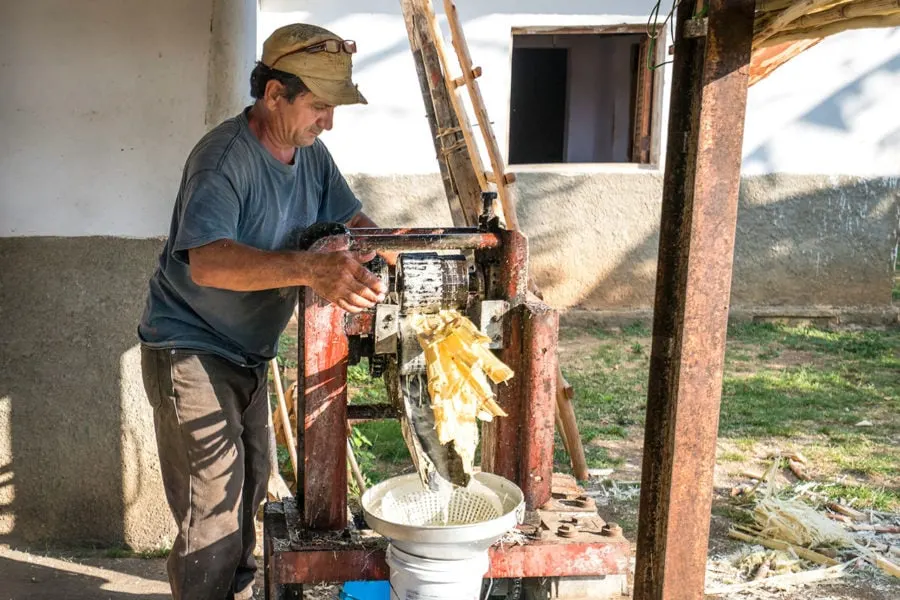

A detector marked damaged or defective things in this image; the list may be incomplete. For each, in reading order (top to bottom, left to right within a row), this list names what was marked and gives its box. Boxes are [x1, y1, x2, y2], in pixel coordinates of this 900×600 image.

==

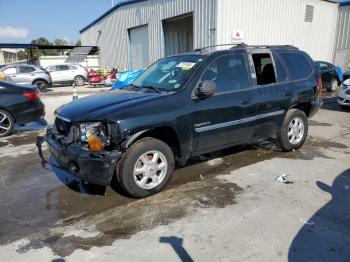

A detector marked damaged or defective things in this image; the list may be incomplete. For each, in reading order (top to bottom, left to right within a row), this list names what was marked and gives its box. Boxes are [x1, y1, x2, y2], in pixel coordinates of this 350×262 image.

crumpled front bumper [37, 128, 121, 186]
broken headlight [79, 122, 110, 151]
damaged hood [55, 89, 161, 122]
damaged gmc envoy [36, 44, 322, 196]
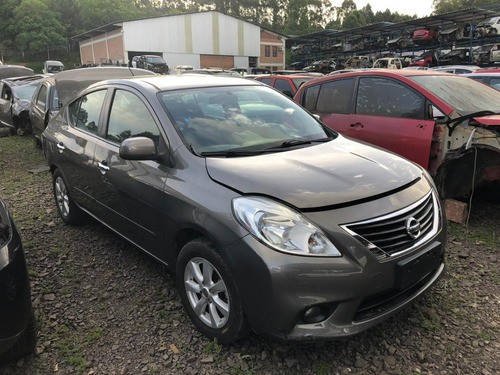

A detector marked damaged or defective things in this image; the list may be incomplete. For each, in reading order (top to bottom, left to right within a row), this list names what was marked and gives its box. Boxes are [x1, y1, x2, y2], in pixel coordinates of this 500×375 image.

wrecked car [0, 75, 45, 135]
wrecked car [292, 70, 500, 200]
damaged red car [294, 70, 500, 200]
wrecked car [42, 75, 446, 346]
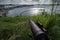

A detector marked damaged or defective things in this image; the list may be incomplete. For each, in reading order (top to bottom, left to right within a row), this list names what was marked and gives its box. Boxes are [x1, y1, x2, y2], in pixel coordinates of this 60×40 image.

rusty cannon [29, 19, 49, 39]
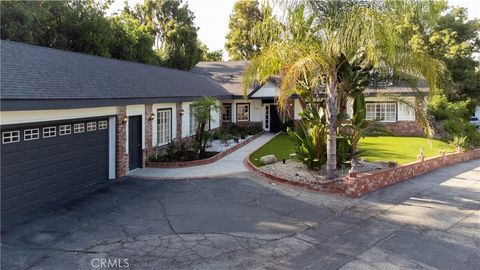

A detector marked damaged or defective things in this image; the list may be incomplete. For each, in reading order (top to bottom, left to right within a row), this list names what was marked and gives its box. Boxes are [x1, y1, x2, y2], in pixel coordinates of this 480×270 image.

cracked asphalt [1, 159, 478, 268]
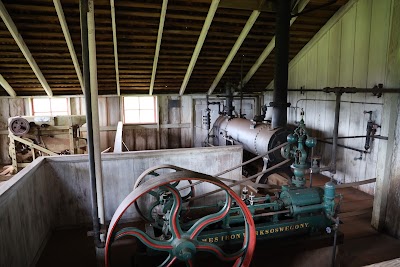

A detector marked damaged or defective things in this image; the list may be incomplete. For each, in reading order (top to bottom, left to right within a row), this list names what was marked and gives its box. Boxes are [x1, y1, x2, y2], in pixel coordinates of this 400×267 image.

--

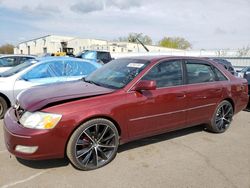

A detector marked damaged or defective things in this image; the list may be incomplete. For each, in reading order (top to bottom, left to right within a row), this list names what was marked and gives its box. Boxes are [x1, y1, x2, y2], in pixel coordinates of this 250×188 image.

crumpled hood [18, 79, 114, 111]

● **WHAT THIS TASK INVOLVES**: Exactly the lines starting at the one above with "this 480×270 image." and ending at the one with "this 400×267 image." should be printed, and nothing else. Omit the pictures.

● **PROBLEM SOLUTION**:
A detector marked damaged or defective things in this image; the list may be incomplete. For each, in reading order (top to bottom, left to right within a row), this list names what was marked and gives its box. Boxes are [x1, y1, x2, y2], in pixel coordinates of this 480×270 image.

cracked asphalt [1, 159, 478, 268]

A detector marked damaged or defective things in this image; the list may be incomplete. For each, in reading order (top to bottom, left to right within a row), this list names what was marked and gives its box. Boxes are [x1, y1, x2, y2], in pixel coordinates of this 400×267 image.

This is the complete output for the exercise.